The brand created a bold, eye-catching visual identity for PlantBottle – including an image of a big leaf and green closures that played up both the packaging’s connection to plants and nature, and Dasani’s clean, crisp taste.

“We used the visual of the bottle rising out of a plant to help consumers understand the PlantBottle technology, and how Dasani was giving them an opportunity to make an environmentally responsible choice without raising the price of the product or compromising quality,” Henry adds.

PlantBottle packaging resonated with Dasani drinkers, who saw the brand as a sustainable packaging leader. More people started buying Dasani – and more often. Dasani volume in the U.S. increased 12 percent in 2011, outpacing the bottled water category by more than 2.5 times, and brand health metrics also improved.

Aside from giving consumers more reasons to buy Dasani, PlantBottle also gave retailers more reasons to stock – or restock – the brand. “PlantBottle provided us with both a compelling brand story and category growth story to share,” Henry says.

Connecting with Consumers

Over the last few years, the company has learned that the PlantBottle message must be tailored from brand to brand. Since Dasani and Coca-Cola speak with different voices and to different consumer groups, for example, they cannot take the same communications approach to PlantBottle.



Students

'With PlantBottle... we’ve made a technology that's about ‘we’ relevant to ‘me’ without focusing on price or cost savings,' says Coke's Scott Vitters.

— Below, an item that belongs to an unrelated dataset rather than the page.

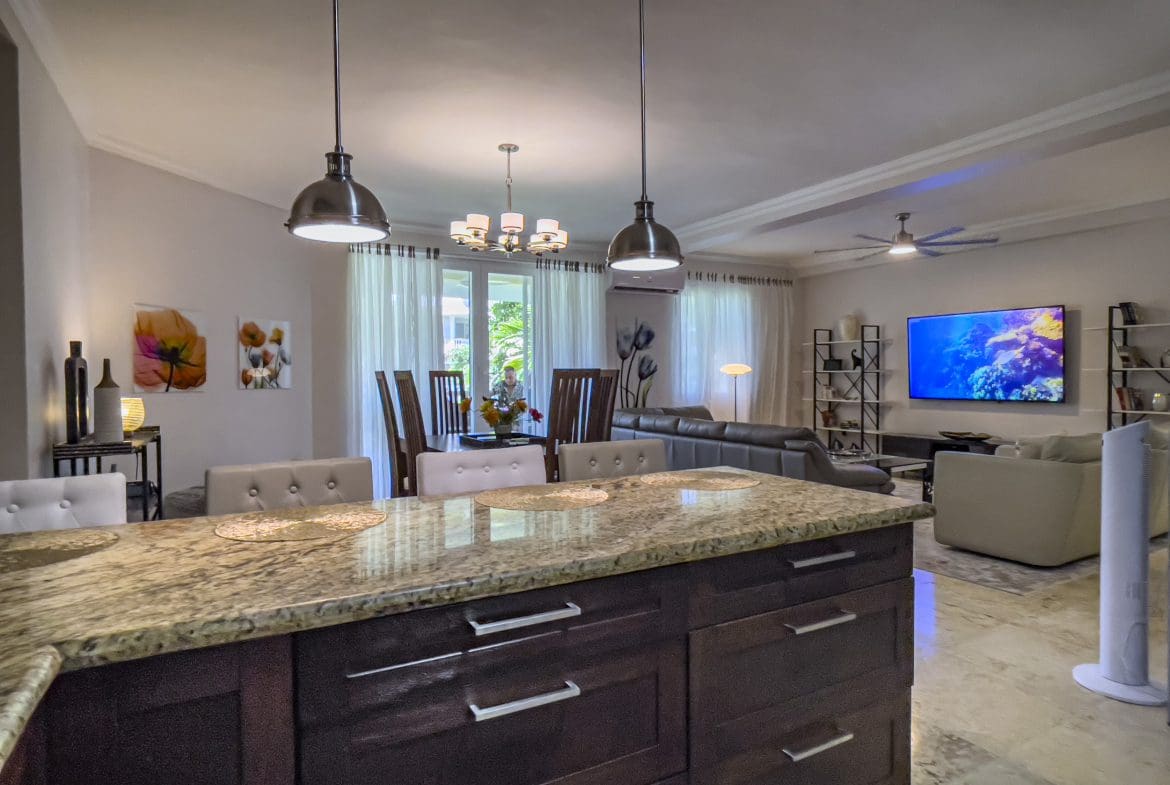 buyDRproperty Open-concept living area in a 3 bedroom oceanfront condo featuring a kitchen island and dining area. Sosua Real Estate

“Carbon footprint and emission reduction connect with some people, but for many it can be a lot to take in,” Vitters said. “When you link sustainable innovations to ‘me,’ they’re successful. Take hybrid vehicles, for example. Most people who buy them are not doing so because they want to save the planet. Most want to save money at the pump. With PlantBottle, there is not that immediate gratification return, yet we’ve made a technology that’s about ‘we’ relevant to ‘me’ without focusing on price or cost savings.”

How? By leveraging consumers’ emotional connections to plants to enhance experiences with the company’s brands. 

“If being around plants has been proven to make people happier, then why wouldn’t we want to make our bottles out of plants when delivering moments of happiness?” Vitters asks. “Simply juice is about natural goodness inside… so why wouldn’t we want that goodness outside, too? And shouldn’t smartwater be offered in a smarter package?”

Building an Even Better Bottle

The next generation of plant-based PET packaging – or PlantBottle 2.0 – is squarely on the drawing board. In December 2011, Coca-Cola invested in three leading biotech companies – Virent, Gevo and Avantium – to speed the commercialization of a PET plastic bottle made entirely from plants.

“While the technology to make bio-based materials has been proven in a lab on a small scale, we believe these partners have high potential to continue to develop the technology to global commercial scale within the next few years,” says Nancy Quan, VP of global R&D at Coca-Cola.



Press Event

Collaborative innovation partnerships continue to fuel the PlantBottle journey. “To accelerate innovation, we reached out to other like-minded consumer product companies that are interested in catalyzing change,” Vitters said.


For example, Coca-Cola, Ford, Heinz, Nike and Procter & Gamble formed the Plant PET Technology Collaborative in June 2012. Together, these brands are working together to pursue a 100% renewable polyester plastic solution made entirely from plants for use in everything from clothing and footwear, to automotive fabric and packaging.

Work is also underway to develop new technologies to source sugars from plant waste such as barks, stems and peels, and Coke is partnering with World Wildlife Fund (WWF) to create guiding principles for sourcing agricultural feedstocks used in PlantBottle packaging. 

“In addition to ensuring the plant material we use continues to deliver on the environmental promise of the PlantBottle platform, we see an opportunity to deliver greater social value to farmers around the world by creating jobs and boosting incomes,” Vitters adds.